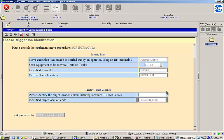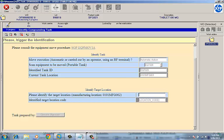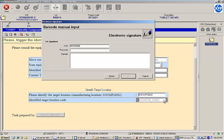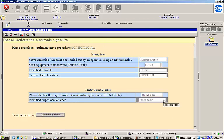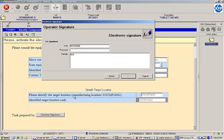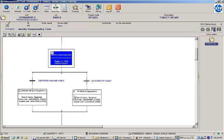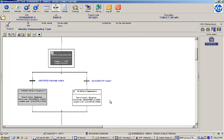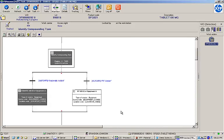The next task is to identify the target location to move the tank. I'll choose manufacturing location 2. Finally, I'll provide my username and password to record an electronic signature. You can see that since we chose to automatically move the container, the EBR automatically executed the move using the left-hand workflow path and then moved on to the next task.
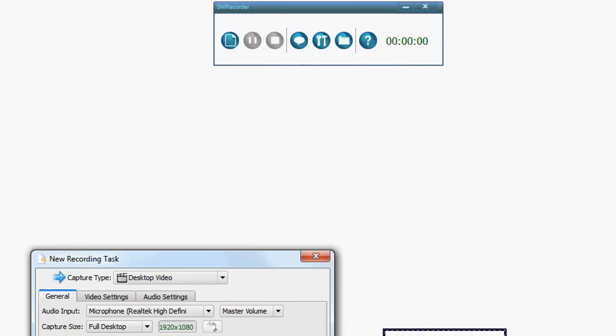Welcome to the video on how to make a video. We're going to be using SM Recorder, which is a video screen capture software that also has the option to capture audio so you can speak to your students if you choose.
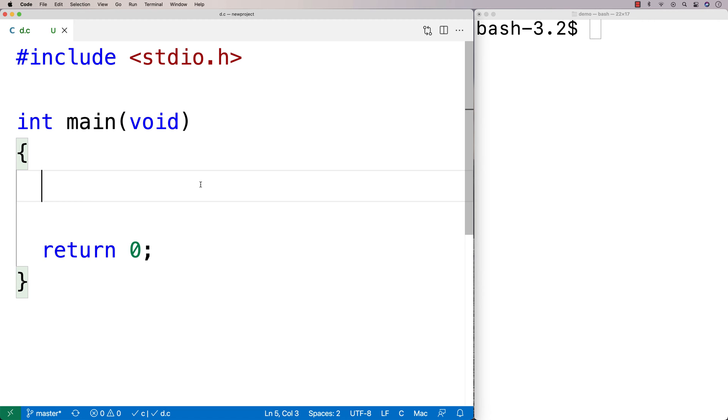In this video, I'm going to talk about the assignment operators in C. So you've probably seen the standard assignment operator in C.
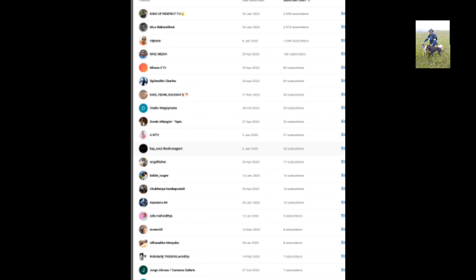Okay let's begin. Shout out to King of Respect TV, Mlua Gwashese, Ojinate, MHZ Media, Mbuso S TV, Special Charles, Kasi Team Sulisa, Onako Mkesan Zondo, Mlungis UGTV, Keso The Corsa Agent, Ongethuga, KDI Super Ugu, Kanya Gwabapostoli 84.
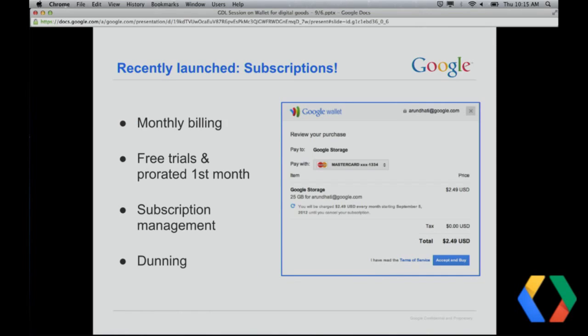Let's get into one of the new features: subscriptions. We announced them at Google I/O and they are live in production now. We have support for monthly billing, and in addition to that, you can support free trials or a prorated first month. This is the same subscriptions platform that powers subscriptions at Google, whether you're buying through Google Play, YouTube for premium content, or Google Drive Storage. Integrators who integrate with us will be able to have buyers manage their subscriptions via the Google subscription management UIs.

WHAT IS EXPECTED —
Exclude the pictures, then write out every record exactly as it stands.

ANSWER BELOW —
The next task is to identify the target location to move the tank. I'll choose manufacturing location 2. Finally, I'll provide my username and password to record an electronic signature. You can see that since we chose to automatically move the container, the EBR automatically executed the move using the left-hand workflow path and then moved on to the next task.
Welcome to the video on how to make a video. We're going to be using SM Recorder, which is a video screen capture software that also has the option to capture audio so you can speak to your students if you choose.
In this video, I'm going to talk about the assignment operators in C. So you've probably seen the standard assignment operator in C.
Okay let's begin. Shout out to King of Respect TV, Mlua Gwashese, Ojinate, MHZ Media, Mbuso S TV, Special Charles, Kasi Team Sulisa, Onako Mkesan Zondo, Mlungis UGTV, Keso The Corsa Agent, Ongethuga, KDI Super Ugu, Kanya Gwabapostoli 84.
Let's get into one of the new features: subscriptions. We announced them at Google I/O and they are live in production now. We have support for monthly billing, and in addition to that, you can support free trials or a prorated first month. This is the same subscriptions platform that powers subscriptions at Google, whether you're buying through Google Play, YouTube for premium content, or Google Drive Storage. Integrators who integrate with us will be able to have buyers manage their subscriptions via the Google subscription management UIs.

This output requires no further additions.